Giants acquire Peavy from Red Sox, but how much will he really help?
The Boston Red Sox got something for nothing on Saturday when they traded veteran right-hander Jake Peavy to the San Francisco Giants for pitching prospects Edwin Escobar and Heath Hembree. Peavy, who will be a free agent this fall, was 1-9 with a 4.72 ERA (83 ERA+) in 20 starts for Boston this season. But with Matt Cain on the disabled list with elbow inflammation and no timetable for a return, the Giants are hoping that the former Padres ace can recover some of his former glory by moving him to pitching-friendly AT&T Park and the National League.

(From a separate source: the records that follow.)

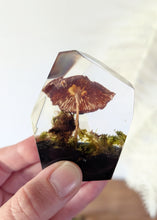 Load image into Gallery viewer, Small - Mushroom Crystals
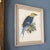 This is a hand colored lithograph of a Bluebellied Roller (Coracias cyanogaster) by the noted Dutch ornithological...
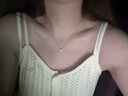 Cindy Kelly高级感精致项链女实用轻奢走心锁骨链生日母亲节礼物实用送妈妈 一颗钛金小钻【送老婆女友实用高档】 实拍图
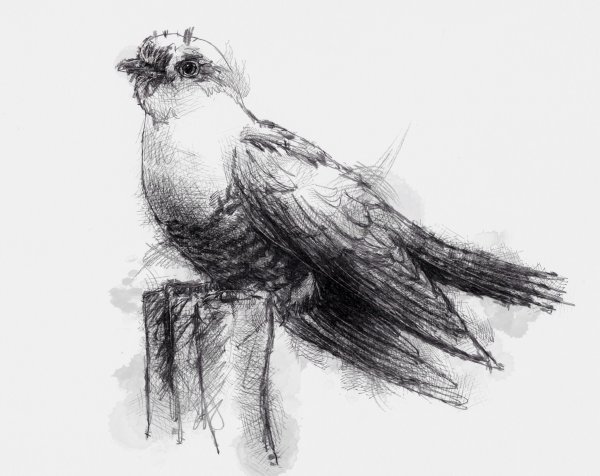 Рисунок кукушки 3 класс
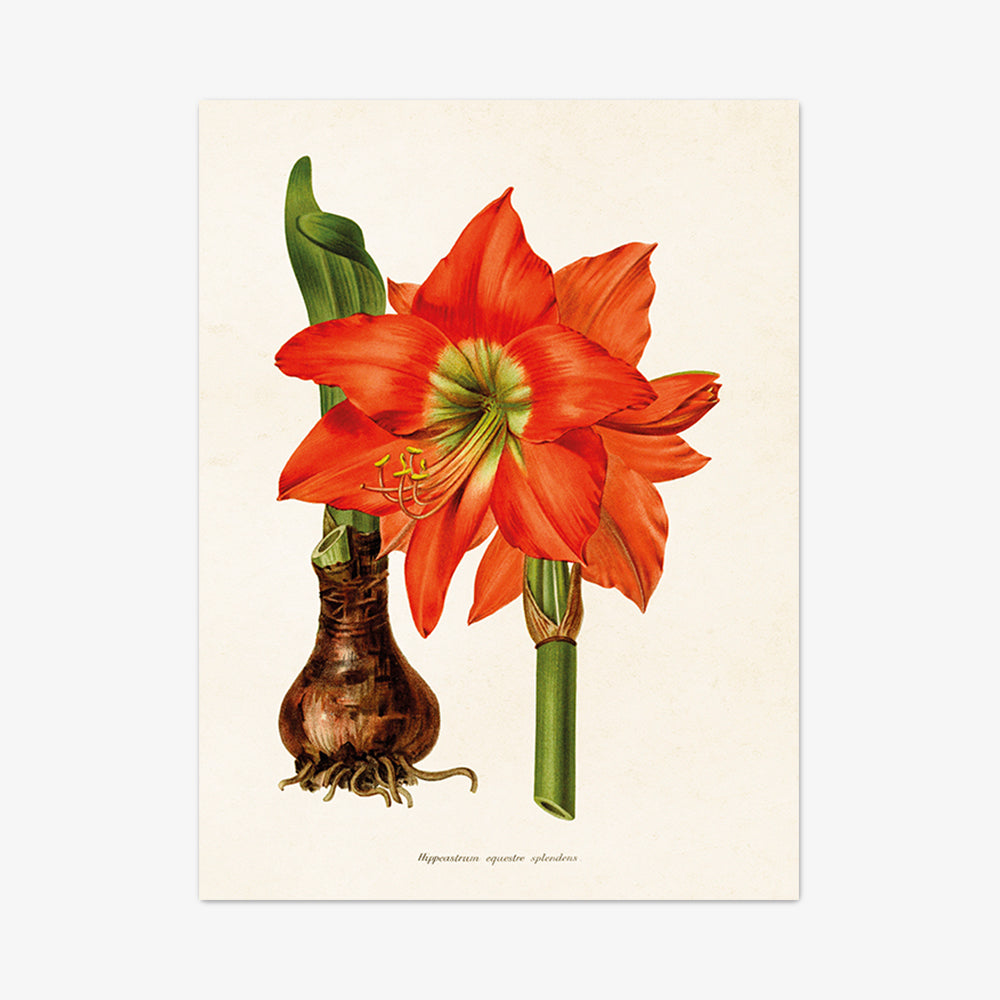 Art Print "Amaryllis"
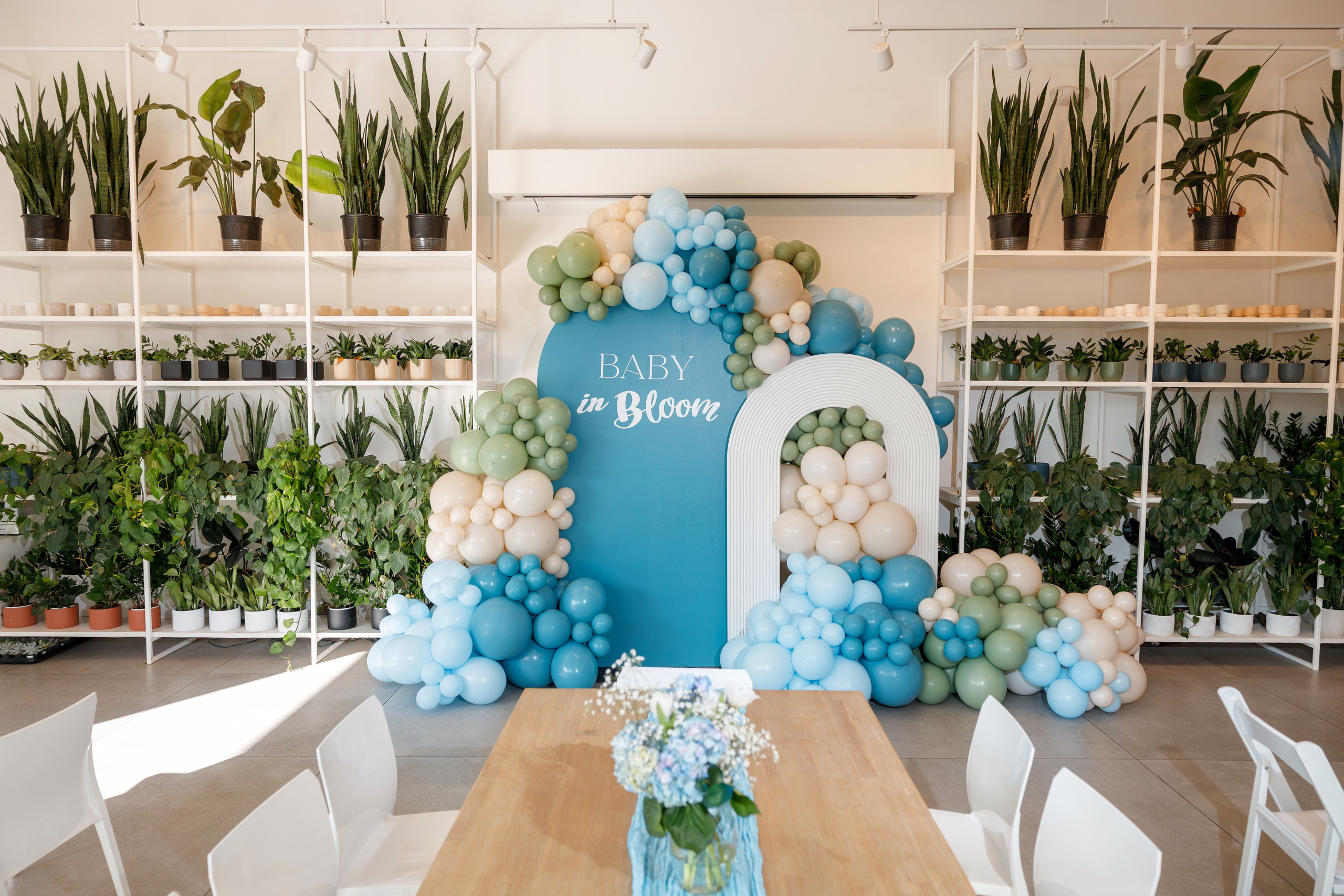 Oh, Baby. Family and Event photographer in Bay Area Elena Tiuriumina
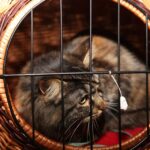 Święto Kotów w Muzeum Zabawek i Zabawy / Kamil Król / Radio Kielce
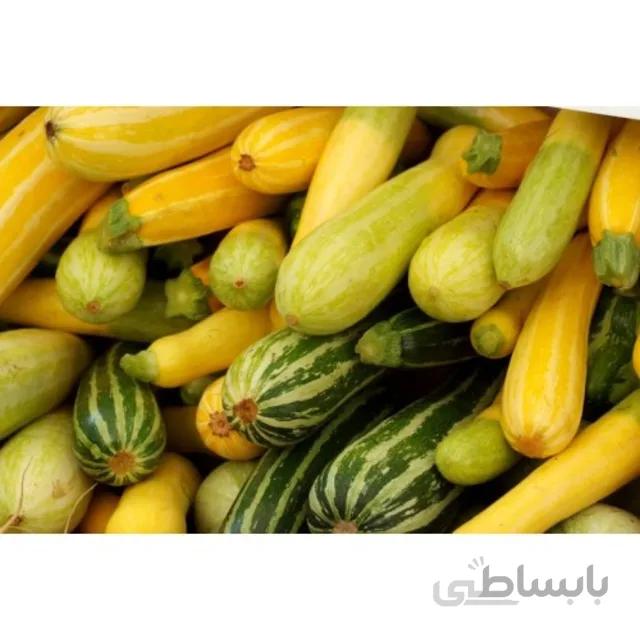 بذر کدو خورشتی میکس بسته ۸ عددی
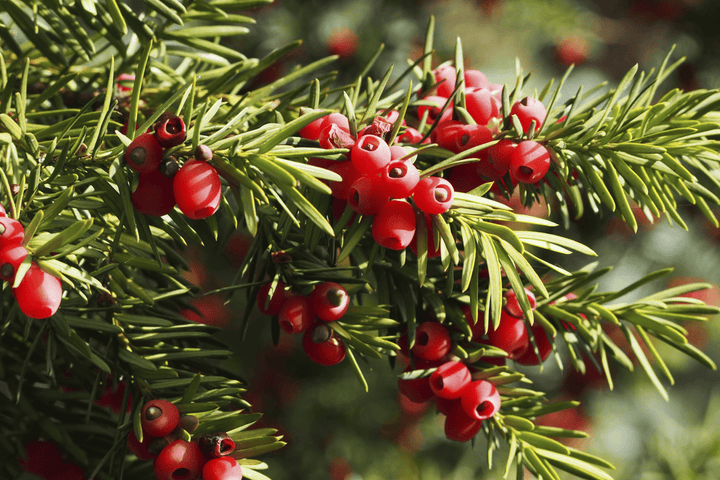 Rabbits should not touch Yew; toxic plant.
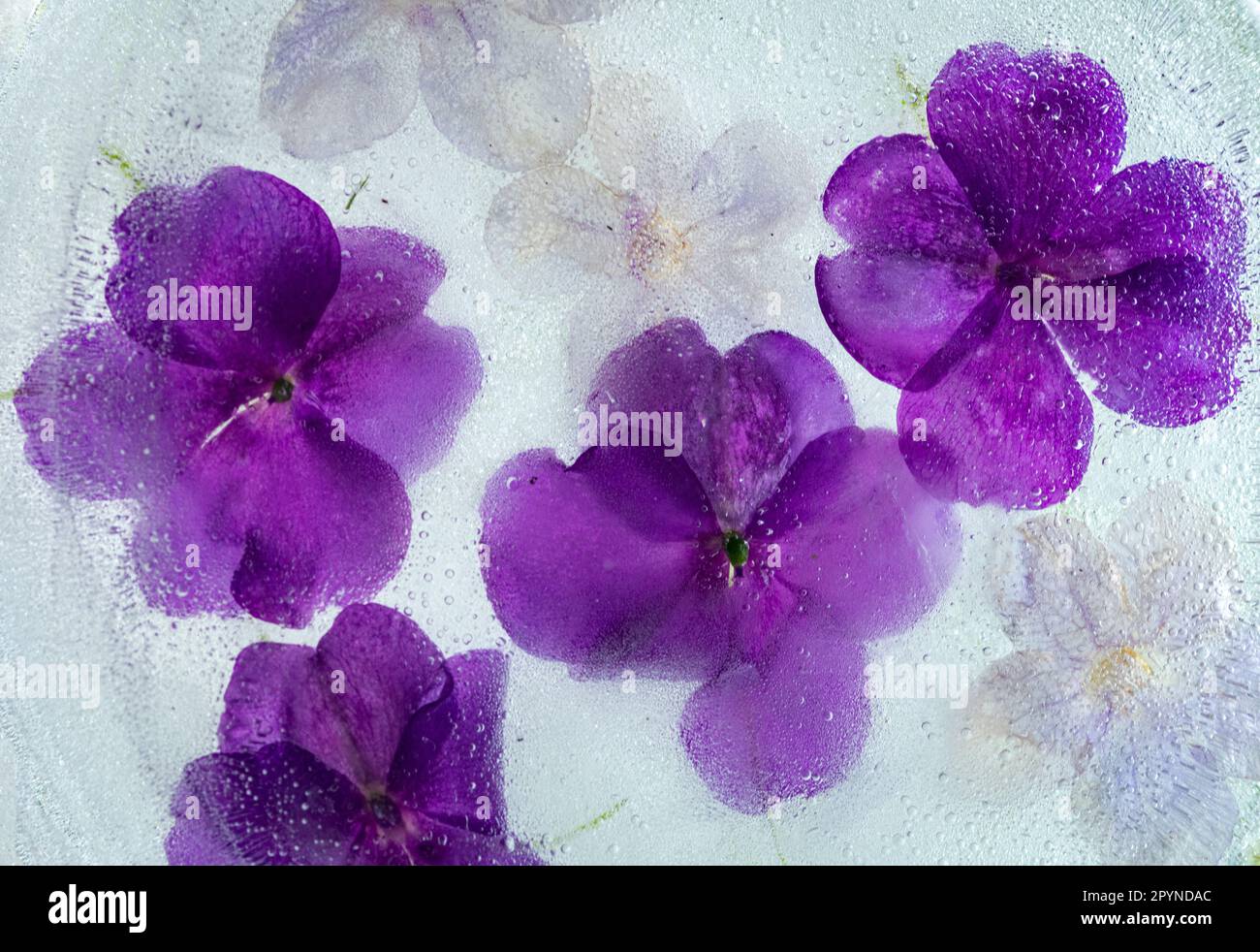 Impatiens viola congelati in acqua Foto Stock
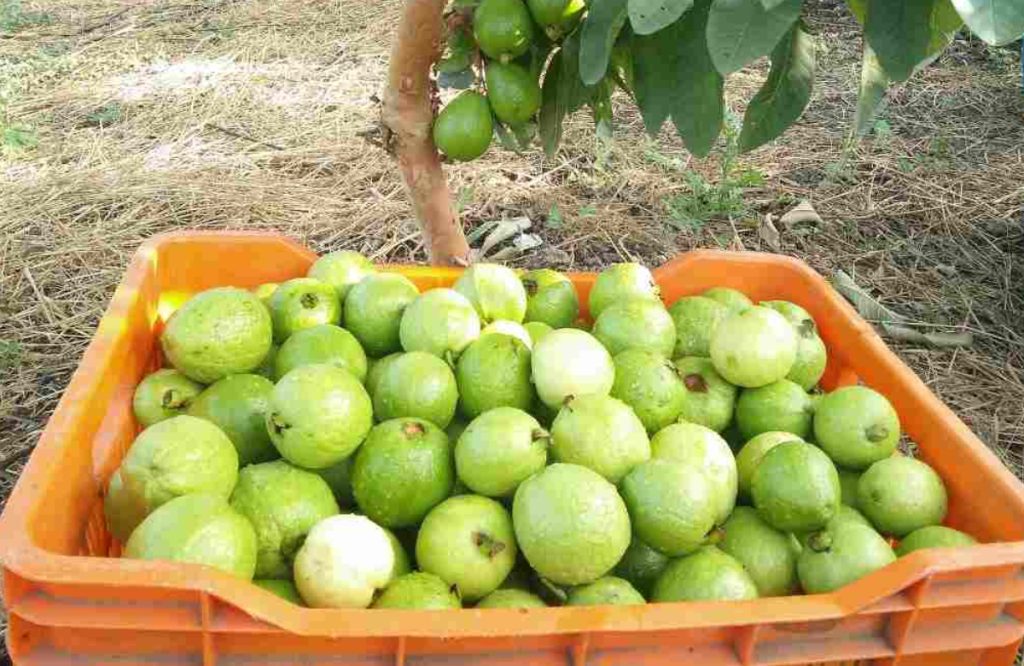 Guava cultivation tip 2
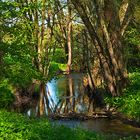 Dienstag ist Spiegeltag - In der Leine spiegelt sich die Landschaft 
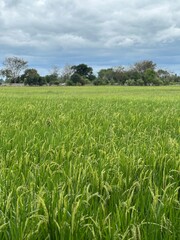 green paddy field and blue sky
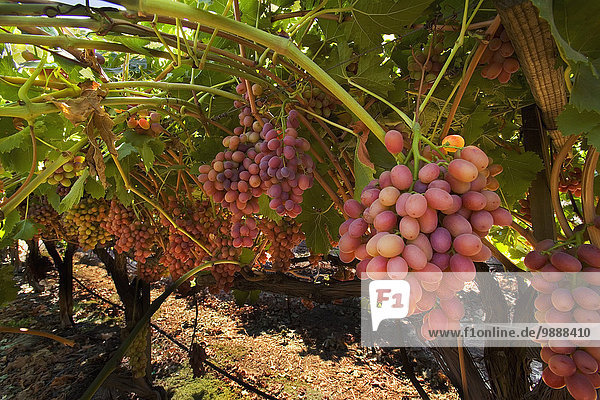 Vereinigte Staaten von Amerika USA Sommer spät hängen Landwirtschaft Weintraube reifer Erwachsene reife Erwachsene rot Tisch Kalifornien Reben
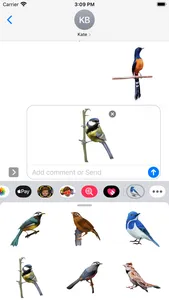 Bird Life Stickers screenshot 0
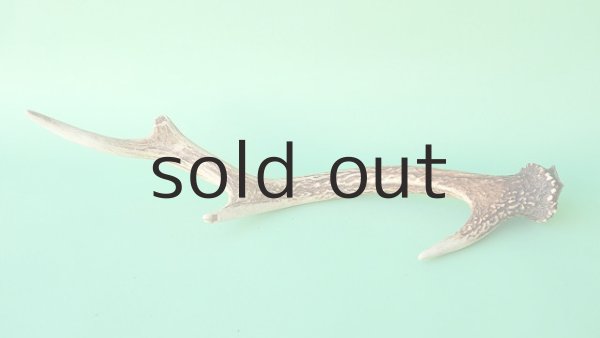 画像4: デコール用二ホンジカの角mini・小鹿 (4)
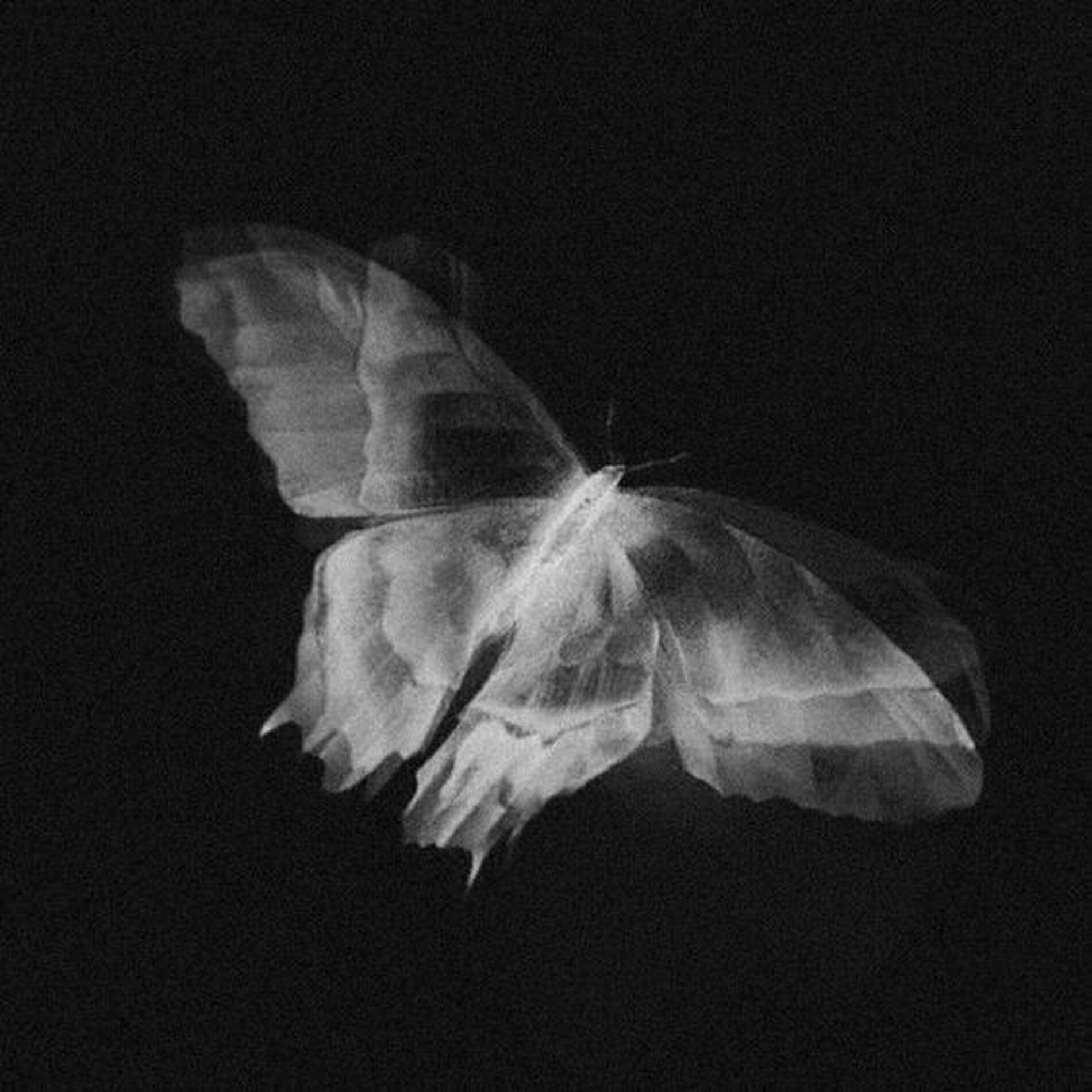 Album cover of Grateful.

That switch should benefit Peavy heading into free agency, but whether or not the move will stem his steady decline is unclear. Peavy’s strikeout rate dropped immediately upon his arrival in the American League at the 2009 non-waiver trading deadline (when he was shipped from the Padres to the White Sox) and has decreased further in each of the last two seasons even though strikeouts are trending upward league-wide. Likewise, Peavy’s walk and home run rates have increased in each of the last two years. The result is that the 33-year-old’s current rates of 7.3 K/9, 3.3 BB/9, 2.17 K/BB, and 1.5 HR/9 all represent his worst rate since his first full major league season in 2003, when he was 22. The impact of all of those declining peripherals is that Peavy, who was leading the American League in home runs allowed (20), has the tenth-worst ERA+ among all qualified pitchers this season (83). What’s more, he is one of just three of those ten pitchers to have a higher Fielding Independent Pitching ERA than his actual ERA, joining the Padres’ Eric Stults, who has allowed 20 home runs of his own, and major league home runs-allowed leader Marco Estrada of the Brewers.
Given all of that, the Red Sox did extremely well to get two solid pitching prospects in return for two months of Peavy, who is owed just shy of $5 million for the remainder of the season. Neither Estrada nor Hembree is a blue-chipper, but Estrada was rated the Giants' second-best prospect behind Kyle Crick by Baseball America and SB Nation’s John Sickels coming into the season, and Hembree is a hard-throwing right-handed reliever who has already appeared at the major league level.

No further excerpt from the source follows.